For me, this is pretty weeb-ish, so at first, I wanted to learn Japanese for the anime, and learn how to talk smack to someone in Japanese. Now I learned about the culture and the people! I chatted with someone in Japanese before and it was so amazing! Then I wanted to expand off Japanese, thus, i started German, stopped because of F R A N K E N W O R D S So then I picked up on Korean, And started Chinese in school Thus I am now addicted to learning a different language ha ha
The "frankenwords" you mention are actually one reason I enjoy learning German so much! If you have a basic understanding of root words you can decipher many combined long words when seeing them for the first time, or it can make the meaning easier to remember. German pronunciation also comes easier to me compared to almost every other language I've perused since it is extremely regular, except those pesky umlauts sometimes! Also, the number of cognates shared with English is amazing and definitely gives one a leg-up when building vocabulary.
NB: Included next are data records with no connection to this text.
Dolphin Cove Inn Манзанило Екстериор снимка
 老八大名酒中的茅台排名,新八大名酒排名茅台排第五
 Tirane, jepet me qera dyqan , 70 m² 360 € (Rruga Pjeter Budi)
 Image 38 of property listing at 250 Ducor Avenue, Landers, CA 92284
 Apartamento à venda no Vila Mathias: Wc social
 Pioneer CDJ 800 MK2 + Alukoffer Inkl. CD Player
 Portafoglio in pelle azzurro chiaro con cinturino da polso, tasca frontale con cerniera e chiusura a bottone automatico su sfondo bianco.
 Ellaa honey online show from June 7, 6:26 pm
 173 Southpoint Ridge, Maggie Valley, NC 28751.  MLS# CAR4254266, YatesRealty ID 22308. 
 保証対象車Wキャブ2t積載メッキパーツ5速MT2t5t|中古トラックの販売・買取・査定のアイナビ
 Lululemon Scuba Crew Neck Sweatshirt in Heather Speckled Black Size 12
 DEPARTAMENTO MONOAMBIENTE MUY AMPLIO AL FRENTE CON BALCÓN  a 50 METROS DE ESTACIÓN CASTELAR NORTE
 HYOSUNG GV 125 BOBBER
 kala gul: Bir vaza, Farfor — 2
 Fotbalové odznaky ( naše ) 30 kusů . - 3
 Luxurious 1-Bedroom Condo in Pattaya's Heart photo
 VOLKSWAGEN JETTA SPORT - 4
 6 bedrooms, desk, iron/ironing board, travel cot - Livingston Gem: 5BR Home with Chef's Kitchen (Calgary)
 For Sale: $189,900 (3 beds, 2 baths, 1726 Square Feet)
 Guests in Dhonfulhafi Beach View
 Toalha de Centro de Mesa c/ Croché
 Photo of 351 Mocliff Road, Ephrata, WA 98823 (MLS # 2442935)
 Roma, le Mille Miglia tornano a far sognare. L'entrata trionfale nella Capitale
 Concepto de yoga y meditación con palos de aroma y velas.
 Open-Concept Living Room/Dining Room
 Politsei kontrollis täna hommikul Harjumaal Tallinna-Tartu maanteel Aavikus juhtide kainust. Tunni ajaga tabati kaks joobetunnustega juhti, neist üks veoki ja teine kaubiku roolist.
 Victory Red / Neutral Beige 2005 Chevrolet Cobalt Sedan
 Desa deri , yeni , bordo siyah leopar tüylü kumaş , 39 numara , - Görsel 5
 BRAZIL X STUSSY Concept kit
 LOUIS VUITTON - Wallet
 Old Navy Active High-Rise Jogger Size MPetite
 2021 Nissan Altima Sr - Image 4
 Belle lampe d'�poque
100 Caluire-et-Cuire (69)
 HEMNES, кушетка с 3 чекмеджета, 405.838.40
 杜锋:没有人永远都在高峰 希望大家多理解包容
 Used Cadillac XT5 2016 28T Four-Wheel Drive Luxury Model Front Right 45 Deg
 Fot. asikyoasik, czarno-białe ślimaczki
German grammar on the other hand is a bag of tricks, and I see it as a nice challenge since understanding vocabulary makes learning to grammar much more manageable. Those prepositions usually throw me for a loop when I'm not sure why 'auf' is used instead of 'an' sometimes, for example. I think the three genders give it an interesting twist to understanding article and adjective declensions, but although there are some tricks to correctly guessing a word's gender you really have to simply know most of them.
Aside from the language itself, part of my family is from Germany, and my last name is an "Americanized" version of a German name. I am also in an engineering field that has much involvement from German people, so being able to more easily navigate research papers written in the language is a plus! German is perhaps the most relevant foreign language for me and I've always wanted to learn it! I cannot wait to visit Germany someday when my language skills are a bit more adept.
I am also studying Korean, which is less serious than my deutsch lernen, but it is more of fun break from it (not that German isn't fun!). Got roped in with KPOP and Korean music, stayed for the Hangul and the fact that I think it sounds amazing when spoken. The challenge of Korean being very different from English is rewarding when things begin to click.
Every other language I "learn" is simply a would-be-nice-to-know-but-do-I-really-want-to-put-in-that-much-effort-into-it language. See: my other flags. This is why Duolingo is awesome because I enjoy dabbling and can get exposure to a language in order to feel it out so to speak.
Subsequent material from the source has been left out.